Читаем Литература как жизнь. Том II полностью

В архиве Луначарского увидел я не пошедшую в печать платоновскую верстку под названием «Ревзаповедник», отрывок из «Чевенгура», задолго до того, как роман стал нам доступен. К Луначарскому верстка попала с резолюцией Главного редактора «Нового мира» Вячеслава Полонского (цитирую по памяти): «Анатолий Васильевич, надо, наконец, разобраться в границах советской сатиры». Разобрались и не напечатали. И я не стал бы публиковать, но не потому что – сатира. Написано слабо. Оценив замысел (революция ради революции революционизирует самое себя и в конце концов обращается против себя), вернул бы автору на доработку: «Напишите, что задумали». У Платонова полно было замыслов, решения которым он, судя по сохранившимся наброскам, не нашел, даже если бы ему разрешили задуманное воплотить. После увлечения многообещающими фрагментами «Сокровенный человек» и «Происхождение мастера» вернулся я к своему первоначальному впечатлению, какое в своё время не сумел бы определить: неполноценная величина. Платонов оказался, по-моему, неспособен написать то, что хотел бы написать, понимая больше того, что мог выразить по размерам своего дарования.
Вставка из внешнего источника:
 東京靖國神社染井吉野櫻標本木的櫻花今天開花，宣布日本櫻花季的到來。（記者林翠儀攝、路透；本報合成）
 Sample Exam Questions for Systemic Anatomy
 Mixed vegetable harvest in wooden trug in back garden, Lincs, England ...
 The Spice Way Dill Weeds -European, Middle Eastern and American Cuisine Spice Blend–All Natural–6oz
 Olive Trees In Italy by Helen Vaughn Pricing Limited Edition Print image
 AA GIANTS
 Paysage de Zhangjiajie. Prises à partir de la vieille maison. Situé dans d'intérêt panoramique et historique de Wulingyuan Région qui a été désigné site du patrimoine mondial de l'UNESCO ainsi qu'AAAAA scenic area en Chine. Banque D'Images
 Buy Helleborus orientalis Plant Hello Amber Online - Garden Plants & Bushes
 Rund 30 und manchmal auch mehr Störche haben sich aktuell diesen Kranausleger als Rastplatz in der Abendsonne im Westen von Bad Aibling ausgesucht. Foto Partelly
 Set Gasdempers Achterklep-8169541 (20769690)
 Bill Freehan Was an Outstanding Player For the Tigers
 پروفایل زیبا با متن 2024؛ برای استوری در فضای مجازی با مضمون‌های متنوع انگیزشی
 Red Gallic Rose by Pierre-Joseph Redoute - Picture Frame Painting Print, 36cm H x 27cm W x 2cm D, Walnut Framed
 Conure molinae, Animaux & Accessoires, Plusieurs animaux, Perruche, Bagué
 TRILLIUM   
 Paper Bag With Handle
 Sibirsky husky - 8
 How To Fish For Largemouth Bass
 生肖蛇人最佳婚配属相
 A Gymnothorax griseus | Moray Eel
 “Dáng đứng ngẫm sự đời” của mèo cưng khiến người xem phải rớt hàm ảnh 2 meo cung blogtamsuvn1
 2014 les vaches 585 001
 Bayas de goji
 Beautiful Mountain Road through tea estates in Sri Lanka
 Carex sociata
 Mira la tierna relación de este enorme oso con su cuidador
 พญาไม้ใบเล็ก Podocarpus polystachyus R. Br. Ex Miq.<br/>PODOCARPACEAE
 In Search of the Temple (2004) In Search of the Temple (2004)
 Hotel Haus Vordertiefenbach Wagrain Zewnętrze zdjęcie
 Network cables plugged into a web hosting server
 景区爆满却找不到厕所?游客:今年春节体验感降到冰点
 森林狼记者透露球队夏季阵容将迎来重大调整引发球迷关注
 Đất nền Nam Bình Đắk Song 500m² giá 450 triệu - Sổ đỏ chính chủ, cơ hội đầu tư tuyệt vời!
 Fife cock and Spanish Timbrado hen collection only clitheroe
Встречавшие Платонова говорили – мрачный. Не только от людей старшего поколения приходилось слышать. Володя Амлинский, мой сверстник, видевший Платонова, говорил то же самое. Бросалась в глаза мрачность. Многое мучило Платонова в его личной жизни, и мало того, неопубликованные «Котлован» и «Чевенгур» оказались неудобочитаемыми, не удались ему, что не могло не угнетать его как писателя. А если сейчас заходятся от восторга, толкуя романы Платонова, так это профессиональные истолкователи, им, как правило, всё равно, читается текст или нет, им было бы, как говорил Сергей Бочаров, в чем поковыряться. Работа Бочарова оказалась исключением среди в точности говорящих не о том платоновских штудий, быстро расплодившихся в шестидесятых-семидесятых годах. Эта статья, написанная «Серегой» для коллективного труда о социалистическом реализме, была восторженно оценена Сучковым, только что начавшим директорствовать в ИМЛИ. «Прекрасно показано пробуждение дремучих мозгов!» – говорил новый наш директор и ставил всем нам бочаровскую статью в пример, как надо писать о социалистическом реализме, даже не употребляя самого понятия[26].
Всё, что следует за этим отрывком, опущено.